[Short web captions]
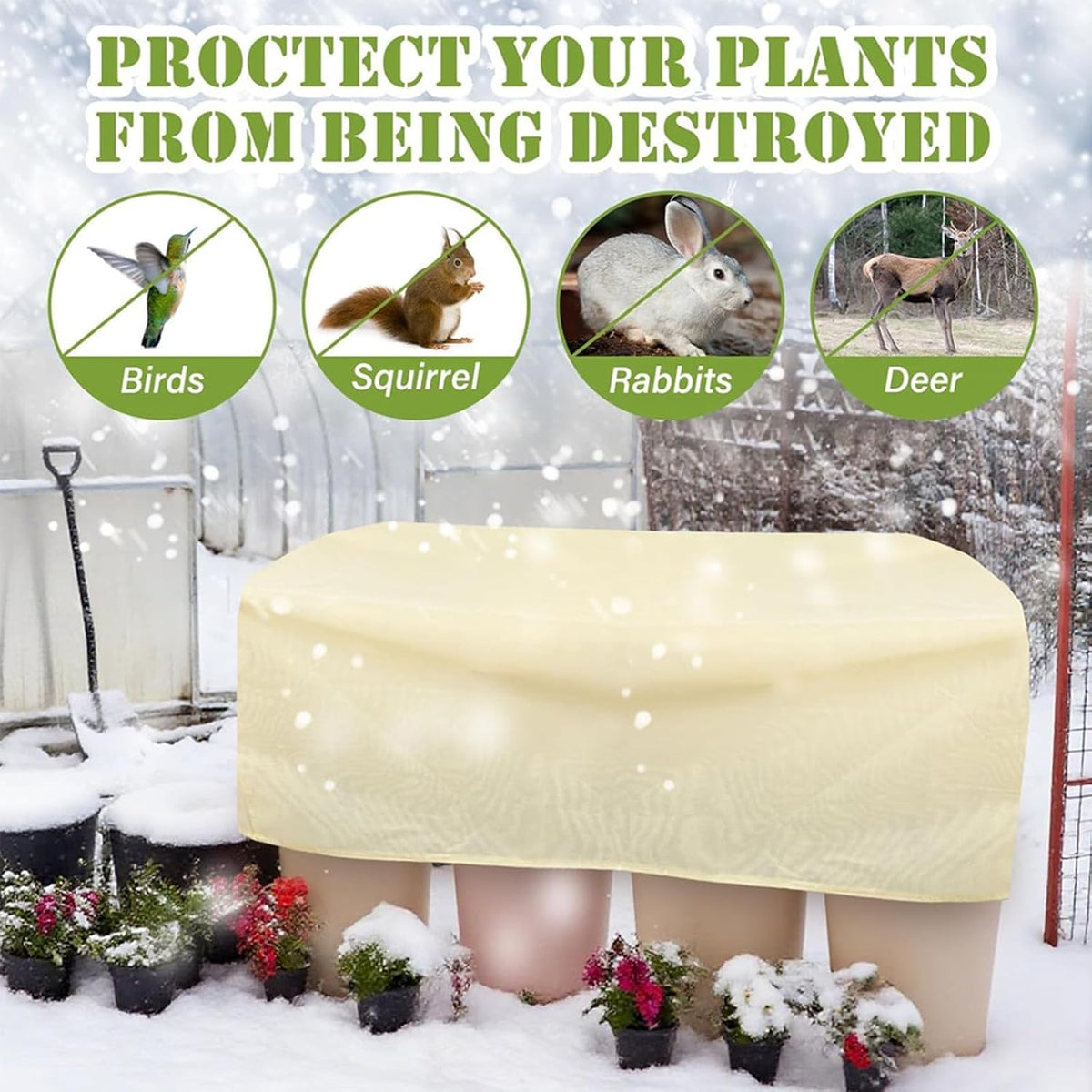Plant Frost Cover, Rectangular Planter Plant Winter Frost Blanket with Drawstring, Garden Netting for Garden Protection, Raised Beds in Winter Damaged Bark 2 Pcs(59 * 15.7 * 17.7 INCH)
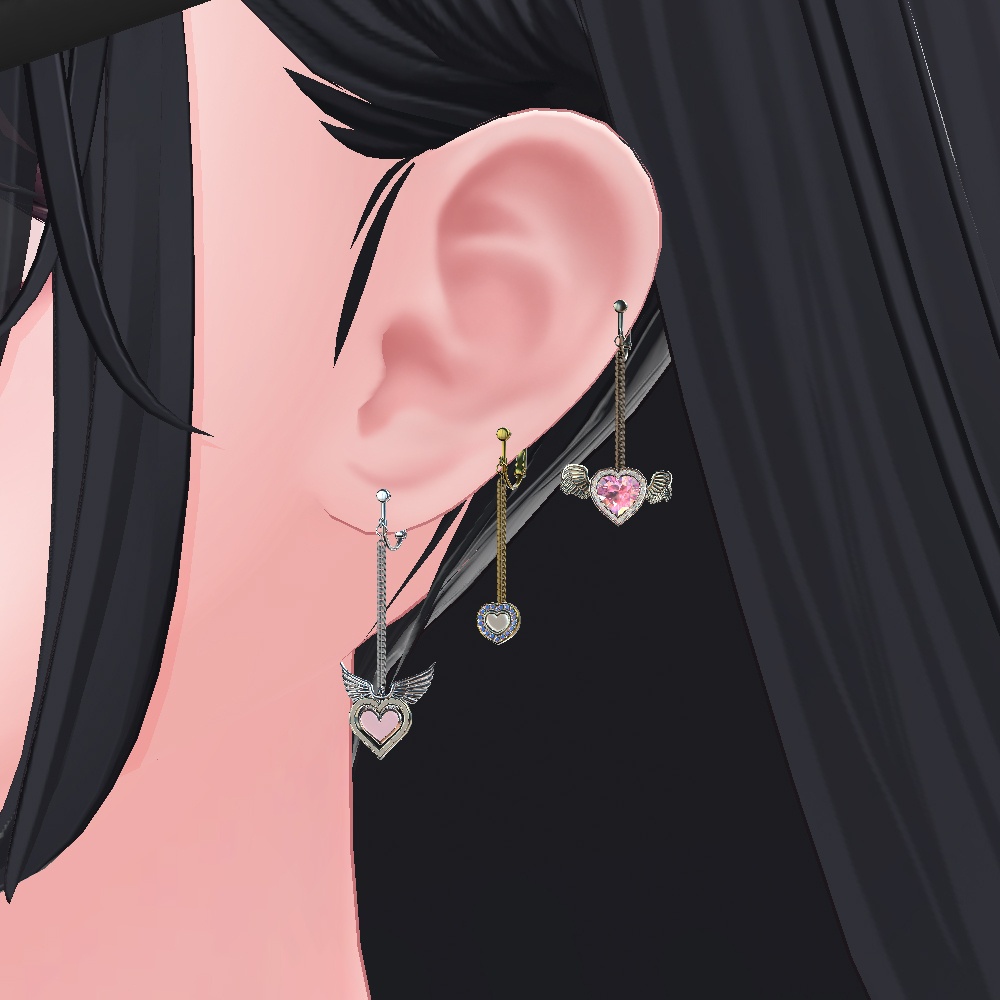 【無料】【Cavo's】ハート イヤリング 3点セット
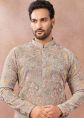 Beige Art Silk Kurta Pant With Subtle Thread Work
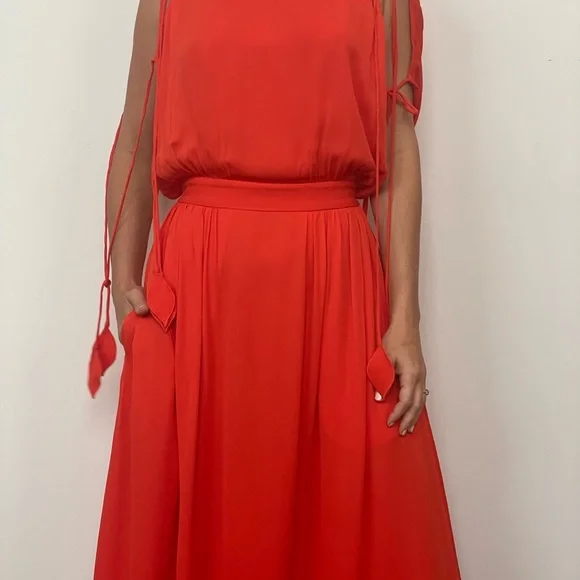 Tory Burch red maxi dress Evalene Dress - Picture 8 of 11
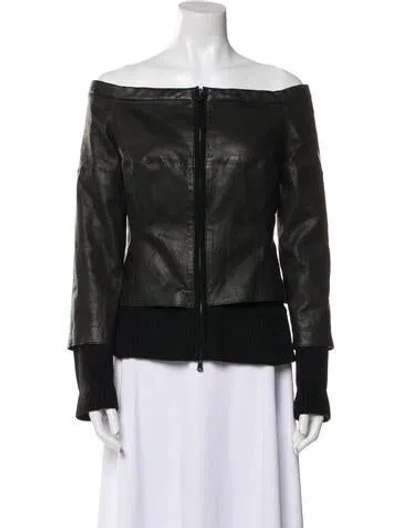 Pre-owned Kaufmanfranco Merino Wool Biker Jacket In Black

[About this task] Output the full set of records above without changing a word, and drop the images.

[Final answer]
Plant Frost Cover, Rectangular Planter Plant Winter Frost Blanket with Drawstring, Garden Netting for Garden Protection, Raised Beds in Winter Damaged Bark 2 Pcs(59 * 15.7 * 17.7 INCH)
 【無料】【Cavo's】ハート イヤリング 3点セット
 Beige Art Silk Kurta Pant With Subtle Thread Work
 Tory Burch red maxi dress Evalene Dress - Picture 8 of 11
 Pre-owned Kaufmanfranco Merino Wool Biker Jacket In Black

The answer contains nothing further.